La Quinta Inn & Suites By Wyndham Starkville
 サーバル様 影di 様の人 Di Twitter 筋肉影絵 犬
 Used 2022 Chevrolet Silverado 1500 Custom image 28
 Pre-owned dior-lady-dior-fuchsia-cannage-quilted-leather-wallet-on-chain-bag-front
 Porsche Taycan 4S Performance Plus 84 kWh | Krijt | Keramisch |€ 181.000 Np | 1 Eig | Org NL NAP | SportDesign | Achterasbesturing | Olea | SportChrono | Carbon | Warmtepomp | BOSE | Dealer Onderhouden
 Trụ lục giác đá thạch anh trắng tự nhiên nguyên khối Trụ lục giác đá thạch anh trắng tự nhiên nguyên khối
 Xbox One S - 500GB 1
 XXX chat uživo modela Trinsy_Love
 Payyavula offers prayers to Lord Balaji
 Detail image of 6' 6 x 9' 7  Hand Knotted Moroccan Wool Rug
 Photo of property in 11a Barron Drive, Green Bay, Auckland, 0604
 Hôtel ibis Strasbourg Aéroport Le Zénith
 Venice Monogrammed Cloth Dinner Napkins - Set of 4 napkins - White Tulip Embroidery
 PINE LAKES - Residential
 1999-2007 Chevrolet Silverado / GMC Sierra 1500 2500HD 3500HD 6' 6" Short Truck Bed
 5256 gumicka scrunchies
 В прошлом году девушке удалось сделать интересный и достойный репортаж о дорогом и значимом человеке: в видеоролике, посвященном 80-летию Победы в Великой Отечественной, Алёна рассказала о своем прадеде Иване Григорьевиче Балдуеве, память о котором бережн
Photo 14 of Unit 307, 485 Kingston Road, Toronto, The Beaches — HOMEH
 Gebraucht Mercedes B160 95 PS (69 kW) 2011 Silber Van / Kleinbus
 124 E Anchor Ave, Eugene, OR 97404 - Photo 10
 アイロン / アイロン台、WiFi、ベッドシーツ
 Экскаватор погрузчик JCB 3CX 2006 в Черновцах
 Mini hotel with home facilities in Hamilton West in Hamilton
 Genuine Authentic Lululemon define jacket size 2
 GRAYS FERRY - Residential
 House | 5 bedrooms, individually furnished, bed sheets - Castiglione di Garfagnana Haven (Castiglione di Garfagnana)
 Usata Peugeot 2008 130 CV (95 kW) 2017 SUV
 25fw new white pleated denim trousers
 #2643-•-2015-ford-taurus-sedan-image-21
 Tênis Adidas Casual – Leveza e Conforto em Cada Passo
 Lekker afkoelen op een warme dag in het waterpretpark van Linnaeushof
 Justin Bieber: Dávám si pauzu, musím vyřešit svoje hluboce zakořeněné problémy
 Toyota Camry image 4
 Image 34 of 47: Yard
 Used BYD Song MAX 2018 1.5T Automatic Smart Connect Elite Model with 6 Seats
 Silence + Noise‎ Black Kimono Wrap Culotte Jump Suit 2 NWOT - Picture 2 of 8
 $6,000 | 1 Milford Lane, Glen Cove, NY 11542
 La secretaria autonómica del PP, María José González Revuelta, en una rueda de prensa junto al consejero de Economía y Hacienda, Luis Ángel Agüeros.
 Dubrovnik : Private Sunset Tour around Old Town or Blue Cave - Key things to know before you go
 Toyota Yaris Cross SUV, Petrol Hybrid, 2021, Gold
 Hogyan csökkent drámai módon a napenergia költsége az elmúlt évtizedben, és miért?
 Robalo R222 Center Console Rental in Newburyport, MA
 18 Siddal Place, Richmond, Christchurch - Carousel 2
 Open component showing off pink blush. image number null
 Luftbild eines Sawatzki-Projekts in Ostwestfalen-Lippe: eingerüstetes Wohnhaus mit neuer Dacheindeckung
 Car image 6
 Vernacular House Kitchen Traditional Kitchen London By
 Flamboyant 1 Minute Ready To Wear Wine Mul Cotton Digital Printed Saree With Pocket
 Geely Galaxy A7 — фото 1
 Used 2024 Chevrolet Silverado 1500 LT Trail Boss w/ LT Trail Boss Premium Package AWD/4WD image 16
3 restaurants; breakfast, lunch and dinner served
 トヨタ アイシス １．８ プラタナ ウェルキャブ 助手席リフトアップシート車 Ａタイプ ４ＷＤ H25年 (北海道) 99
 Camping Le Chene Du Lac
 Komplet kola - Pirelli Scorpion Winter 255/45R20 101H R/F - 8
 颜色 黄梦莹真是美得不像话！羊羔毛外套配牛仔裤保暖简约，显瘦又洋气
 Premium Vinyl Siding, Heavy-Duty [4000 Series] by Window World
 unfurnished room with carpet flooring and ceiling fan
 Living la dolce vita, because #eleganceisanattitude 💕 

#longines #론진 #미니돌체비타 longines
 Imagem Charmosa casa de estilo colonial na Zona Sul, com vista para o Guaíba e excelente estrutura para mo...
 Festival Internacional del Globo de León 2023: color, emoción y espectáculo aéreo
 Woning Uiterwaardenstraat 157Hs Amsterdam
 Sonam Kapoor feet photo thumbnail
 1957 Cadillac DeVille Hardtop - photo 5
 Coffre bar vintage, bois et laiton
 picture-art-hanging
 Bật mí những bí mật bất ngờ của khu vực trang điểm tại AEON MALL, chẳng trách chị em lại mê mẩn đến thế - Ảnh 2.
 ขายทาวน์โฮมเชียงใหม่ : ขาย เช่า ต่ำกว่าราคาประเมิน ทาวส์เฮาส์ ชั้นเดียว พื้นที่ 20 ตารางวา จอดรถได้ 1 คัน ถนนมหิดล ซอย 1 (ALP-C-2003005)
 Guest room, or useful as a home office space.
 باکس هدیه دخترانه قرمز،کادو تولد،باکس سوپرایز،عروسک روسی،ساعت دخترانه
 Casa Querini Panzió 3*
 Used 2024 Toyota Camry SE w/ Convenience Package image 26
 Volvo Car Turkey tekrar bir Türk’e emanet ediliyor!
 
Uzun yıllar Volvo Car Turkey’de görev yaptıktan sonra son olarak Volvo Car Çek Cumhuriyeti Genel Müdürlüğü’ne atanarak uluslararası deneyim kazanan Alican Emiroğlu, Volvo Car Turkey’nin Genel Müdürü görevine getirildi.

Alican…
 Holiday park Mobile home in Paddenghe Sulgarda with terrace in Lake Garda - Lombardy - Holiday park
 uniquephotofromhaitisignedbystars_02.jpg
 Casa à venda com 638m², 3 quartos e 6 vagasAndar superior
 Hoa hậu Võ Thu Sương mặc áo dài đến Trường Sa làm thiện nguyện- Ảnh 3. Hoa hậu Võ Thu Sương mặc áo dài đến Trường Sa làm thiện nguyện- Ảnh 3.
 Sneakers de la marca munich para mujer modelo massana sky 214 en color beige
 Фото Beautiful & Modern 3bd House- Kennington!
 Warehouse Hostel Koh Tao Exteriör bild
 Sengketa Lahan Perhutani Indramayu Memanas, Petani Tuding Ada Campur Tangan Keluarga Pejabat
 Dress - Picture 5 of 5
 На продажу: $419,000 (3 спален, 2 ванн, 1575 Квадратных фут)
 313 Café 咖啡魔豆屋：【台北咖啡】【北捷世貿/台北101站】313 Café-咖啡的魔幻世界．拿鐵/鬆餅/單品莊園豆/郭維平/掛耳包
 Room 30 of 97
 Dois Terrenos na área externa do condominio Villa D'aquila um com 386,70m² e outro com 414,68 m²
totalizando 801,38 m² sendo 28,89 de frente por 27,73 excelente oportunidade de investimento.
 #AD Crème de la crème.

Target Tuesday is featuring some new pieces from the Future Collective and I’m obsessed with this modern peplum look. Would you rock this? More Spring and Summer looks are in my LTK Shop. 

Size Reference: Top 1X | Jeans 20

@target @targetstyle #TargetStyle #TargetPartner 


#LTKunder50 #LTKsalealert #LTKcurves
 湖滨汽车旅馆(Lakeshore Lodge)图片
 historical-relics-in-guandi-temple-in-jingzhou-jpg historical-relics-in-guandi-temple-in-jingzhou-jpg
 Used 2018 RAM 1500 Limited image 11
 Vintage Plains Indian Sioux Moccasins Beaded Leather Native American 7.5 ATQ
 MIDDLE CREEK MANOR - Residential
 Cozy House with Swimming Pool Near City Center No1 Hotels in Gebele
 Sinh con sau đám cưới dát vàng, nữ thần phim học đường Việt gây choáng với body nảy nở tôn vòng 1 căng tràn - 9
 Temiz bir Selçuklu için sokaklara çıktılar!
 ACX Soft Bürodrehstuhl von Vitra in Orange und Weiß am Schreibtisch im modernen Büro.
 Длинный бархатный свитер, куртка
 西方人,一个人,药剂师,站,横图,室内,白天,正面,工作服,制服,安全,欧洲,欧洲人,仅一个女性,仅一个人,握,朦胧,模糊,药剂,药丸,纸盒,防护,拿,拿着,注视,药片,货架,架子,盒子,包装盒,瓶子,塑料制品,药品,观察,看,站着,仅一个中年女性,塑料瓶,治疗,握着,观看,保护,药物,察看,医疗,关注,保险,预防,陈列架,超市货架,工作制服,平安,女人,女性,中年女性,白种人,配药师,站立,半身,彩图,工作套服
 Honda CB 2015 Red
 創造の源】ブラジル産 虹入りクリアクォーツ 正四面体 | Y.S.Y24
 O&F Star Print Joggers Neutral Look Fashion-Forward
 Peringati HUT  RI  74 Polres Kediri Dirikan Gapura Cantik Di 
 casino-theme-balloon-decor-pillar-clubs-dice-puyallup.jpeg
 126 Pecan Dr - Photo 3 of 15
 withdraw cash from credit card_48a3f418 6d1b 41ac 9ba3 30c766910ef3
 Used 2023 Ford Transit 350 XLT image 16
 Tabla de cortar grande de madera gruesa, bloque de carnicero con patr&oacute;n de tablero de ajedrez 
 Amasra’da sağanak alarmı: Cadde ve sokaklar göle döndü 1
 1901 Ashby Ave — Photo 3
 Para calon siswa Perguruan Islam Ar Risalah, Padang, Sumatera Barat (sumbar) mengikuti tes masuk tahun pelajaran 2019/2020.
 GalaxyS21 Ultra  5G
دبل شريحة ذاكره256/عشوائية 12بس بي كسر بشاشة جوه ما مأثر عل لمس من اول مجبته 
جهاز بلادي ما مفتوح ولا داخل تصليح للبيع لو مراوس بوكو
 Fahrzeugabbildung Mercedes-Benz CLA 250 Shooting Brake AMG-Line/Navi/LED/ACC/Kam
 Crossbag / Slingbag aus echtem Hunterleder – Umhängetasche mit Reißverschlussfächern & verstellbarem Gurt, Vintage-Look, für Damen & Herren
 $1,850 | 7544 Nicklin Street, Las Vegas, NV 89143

━━━━━━━━━━━━━━━━━━━━━━━━━━━━━━

PROBLEM STATEMENT
Repeat exactly the lines of the listing above, from the one with "Gebraucht Mercedes B160" down to the one with "Used BYD Song"; both of those lines belong in the range.

PROBLEM SOLUTION
 Gebraucht Mercedes B160 95 PS (69 kW) 2011 Silber Van / Kleinbus
 124 E Anchor Ave, Eugene, OR 97404 - Photo 10
 アイロン / アイロン台、WiFi、ベッドシーツ
 Экскаватор погрузчик JCB 3CX 2006 в Черновцах
 Mini hotel with home facilities in Hamilton West in Hamilton
 Genuine Authentic Lululemon define jacket size 2
 GRAYS FERRY - Residential
 House | 5 bedrooms, individually furnished, bed sheets - Castiglione di Garfagnana Haven (Castiglione di Garfagnana)
 Usata Peugeot 2008 130 CV (95 kW) 2017 SUV
 25fw new white pleated denim trousers
 #2643-•-2015-ford-taurus-sedan-image-21
 Tênis Adidas Casual – Leveza e Conforto em Cada Passo
 Lekker afkoelen op een warme dag in het waterpretpark van Linnaeushof
 Justin Bieber: Dávám si pauzu, musím vyřešit svoje hluboce zakořeněné problémy
 Toyota Camry image 4
 Image 34 of 47: Yard
 Used BYD Song MAX 2018 1.5T Automatic Smart Connect Elite Model with 6 Seats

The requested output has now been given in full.